- _Task goal_
Return exactly the lines of the records below, starting at the line that contains "de comer El" and ending at the line that contains "2019 TOYOTA RAV4 LE photo 4", with both of those lines kept.

- _Data_
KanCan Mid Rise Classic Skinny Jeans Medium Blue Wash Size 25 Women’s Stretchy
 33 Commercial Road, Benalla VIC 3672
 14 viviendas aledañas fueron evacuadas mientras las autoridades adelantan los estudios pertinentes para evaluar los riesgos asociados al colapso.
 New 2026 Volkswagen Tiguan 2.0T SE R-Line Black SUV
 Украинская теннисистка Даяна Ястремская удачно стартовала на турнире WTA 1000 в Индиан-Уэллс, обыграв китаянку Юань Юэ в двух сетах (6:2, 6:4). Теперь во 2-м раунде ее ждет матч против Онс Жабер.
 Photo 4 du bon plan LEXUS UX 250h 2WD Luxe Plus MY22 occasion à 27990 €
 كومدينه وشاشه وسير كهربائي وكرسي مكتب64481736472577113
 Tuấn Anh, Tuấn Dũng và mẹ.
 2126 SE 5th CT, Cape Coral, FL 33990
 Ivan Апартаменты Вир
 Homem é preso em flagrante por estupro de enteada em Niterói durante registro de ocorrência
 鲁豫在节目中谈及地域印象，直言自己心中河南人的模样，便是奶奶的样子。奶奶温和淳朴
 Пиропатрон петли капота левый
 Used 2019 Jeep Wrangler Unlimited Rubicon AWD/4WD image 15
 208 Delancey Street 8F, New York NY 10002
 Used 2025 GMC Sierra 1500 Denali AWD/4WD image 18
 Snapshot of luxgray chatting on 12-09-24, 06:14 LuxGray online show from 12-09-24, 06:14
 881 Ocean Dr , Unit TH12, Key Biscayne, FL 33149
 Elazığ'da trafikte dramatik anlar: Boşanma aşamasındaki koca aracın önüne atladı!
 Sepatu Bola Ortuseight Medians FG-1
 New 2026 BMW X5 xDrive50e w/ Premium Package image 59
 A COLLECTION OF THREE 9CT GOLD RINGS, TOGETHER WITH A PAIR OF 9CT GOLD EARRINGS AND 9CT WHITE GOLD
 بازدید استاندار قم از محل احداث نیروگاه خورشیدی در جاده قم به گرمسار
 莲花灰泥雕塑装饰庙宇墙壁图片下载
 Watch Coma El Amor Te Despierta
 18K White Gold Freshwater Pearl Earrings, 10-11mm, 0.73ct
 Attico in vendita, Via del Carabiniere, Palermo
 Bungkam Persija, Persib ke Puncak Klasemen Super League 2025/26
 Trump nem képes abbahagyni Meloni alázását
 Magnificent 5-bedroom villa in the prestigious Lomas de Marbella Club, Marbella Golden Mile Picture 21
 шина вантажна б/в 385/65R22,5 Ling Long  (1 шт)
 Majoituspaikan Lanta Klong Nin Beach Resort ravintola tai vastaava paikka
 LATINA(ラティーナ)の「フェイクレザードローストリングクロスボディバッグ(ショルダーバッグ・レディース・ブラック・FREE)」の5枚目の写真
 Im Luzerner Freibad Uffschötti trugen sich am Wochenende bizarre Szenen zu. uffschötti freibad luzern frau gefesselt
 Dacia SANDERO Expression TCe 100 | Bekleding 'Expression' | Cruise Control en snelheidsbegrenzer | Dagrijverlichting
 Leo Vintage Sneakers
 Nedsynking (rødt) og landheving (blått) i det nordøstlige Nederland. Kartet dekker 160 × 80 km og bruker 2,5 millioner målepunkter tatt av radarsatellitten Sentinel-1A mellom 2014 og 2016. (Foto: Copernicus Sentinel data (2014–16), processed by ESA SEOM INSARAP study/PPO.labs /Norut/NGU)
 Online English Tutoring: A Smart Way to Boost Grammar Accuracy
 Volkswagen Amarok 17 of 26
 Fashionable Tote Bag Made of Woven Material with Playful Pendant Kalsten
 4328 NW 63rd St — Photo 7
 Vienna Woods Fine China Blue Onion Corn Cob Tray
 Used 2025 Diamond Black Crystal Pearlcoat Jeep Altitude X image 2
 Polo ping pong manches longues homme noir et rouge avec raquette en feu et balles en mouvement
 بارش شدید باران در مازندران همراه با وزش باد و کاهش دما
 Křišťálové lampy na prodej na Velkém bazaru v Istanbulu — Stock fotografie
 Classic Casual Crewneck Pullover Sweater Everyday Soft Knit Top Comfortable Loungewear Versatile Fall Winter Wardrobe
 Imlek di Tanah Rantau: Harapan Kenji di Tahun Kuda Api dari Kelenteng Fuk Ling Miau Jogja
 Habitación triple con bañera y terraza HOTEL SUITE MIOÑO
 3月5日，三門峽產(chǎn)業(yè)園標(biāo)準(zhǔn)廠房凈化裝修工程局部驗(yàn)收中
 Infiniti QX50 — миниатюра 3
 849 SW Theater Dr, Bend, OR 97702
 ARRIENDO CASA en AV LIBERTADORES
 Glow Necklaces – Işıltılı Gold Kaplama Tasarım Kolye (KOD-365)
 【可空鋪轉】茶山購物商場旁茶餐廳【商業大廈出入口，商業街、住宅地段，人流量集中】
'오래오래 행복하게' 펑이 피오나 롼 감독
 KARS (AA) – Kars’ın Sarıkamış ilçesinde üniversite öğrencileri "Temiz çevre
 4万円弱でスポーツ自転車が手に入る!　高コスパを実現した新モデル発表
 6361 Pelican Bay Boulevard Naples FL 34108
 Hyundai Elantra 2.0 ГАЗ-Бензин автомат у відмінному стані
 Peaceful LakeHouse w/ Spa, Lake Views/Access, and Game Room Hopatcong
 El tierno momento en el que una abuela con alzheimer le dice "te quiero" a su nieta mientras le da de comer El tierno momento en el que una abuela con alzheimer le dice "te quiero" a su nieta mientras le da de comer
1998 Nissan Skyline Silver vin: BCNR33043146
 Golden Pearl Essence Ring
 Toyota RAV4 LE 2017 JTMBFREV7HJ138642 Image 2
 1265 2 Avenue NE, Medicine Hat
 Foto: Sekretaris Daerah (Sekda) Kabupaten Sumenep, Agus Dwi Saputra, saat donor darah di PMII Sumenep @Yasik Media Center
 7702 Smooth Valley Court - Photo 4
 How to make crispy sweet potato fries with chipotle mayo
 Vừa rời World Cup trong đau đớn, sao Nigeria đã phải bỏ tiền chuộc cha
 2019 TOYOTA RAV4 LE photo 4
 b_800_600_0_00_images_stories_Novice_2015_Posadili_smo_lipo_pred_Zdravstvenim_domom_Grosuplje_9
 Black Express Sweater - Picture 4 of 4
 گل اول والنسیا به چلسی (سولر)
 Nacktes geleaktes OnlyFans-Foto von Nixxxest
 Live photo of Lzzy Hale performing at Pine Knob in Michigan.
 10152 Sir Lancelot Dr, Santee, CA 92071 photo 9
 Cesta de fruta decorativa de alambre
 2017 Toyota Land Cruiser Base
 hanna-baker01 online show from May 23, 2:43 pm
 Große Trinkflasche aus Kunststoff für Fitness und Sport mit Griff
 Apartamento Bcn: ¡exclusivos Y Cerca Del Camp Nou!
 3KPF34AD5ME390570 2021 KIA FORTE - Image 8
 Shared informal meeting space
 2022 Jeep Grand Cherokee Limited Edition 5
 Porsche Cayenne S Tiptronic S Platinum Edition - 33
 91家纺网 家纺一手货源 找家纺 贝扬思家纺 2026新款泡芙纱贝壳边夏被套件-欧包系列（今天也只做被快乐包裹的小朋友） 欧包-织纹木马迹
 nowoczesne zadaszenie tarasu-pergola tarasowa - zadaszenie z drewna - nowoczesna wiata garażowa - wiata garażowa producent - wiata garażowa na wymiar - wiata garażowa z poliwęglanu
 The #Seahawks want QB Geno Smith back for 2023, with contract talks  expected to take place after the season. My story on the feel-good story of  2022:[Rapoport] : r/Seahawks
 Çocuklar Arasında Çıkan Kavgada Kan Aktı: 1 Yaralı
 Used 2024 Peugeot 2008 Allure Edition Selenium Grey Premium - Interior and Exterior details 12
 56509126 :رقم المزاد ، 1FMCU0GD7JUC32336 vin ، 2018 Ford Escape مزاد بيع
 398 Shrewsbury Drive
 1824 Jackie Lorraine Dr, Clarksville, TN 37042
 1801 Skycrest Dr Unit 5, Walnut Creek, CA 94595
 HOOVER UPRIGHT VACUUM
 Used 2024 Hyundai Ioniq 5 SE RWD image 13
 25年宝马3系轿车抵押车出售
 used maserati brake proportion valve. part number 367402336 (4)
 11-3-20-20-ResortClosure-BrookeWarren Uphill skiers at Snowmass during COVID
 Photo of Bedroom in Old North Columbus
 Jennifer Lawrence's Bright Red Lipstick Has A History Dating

- _Exercise answer_
 El tierno momento en el que una abuela con alzheimer le dice "te quiero" a su nieta mientras le da de comer El tierno momento en el que una abuela con alzheimer le dice "te quiero" a su nieta mientras le da de comer
1998 Nissan Skyline Silver vin: BCNR33043146
 Golden Pearl Essence Ring
 Toyota RAV4 LE 2017 JTMBFREV7HJ138642 Image 2
 1265 2 Avenue NE, Medicine Hat
 Foto: Sekretaris Daerah (Sekda) Kabupaten Sumenep, Agus Dwi Saputra, saat donor darah di PMII Sumenep @Yasik Media Center
 7702 Smooth Valley Court - Photo 4
 How to make crispy sweet potato fries with chipotle mayo
 Vừa rời World Cup trong đau đớn, sao Nigeria đã phải bỏ tiền chuộc cha
 2019 TOYOTA RAV4 LE photo 4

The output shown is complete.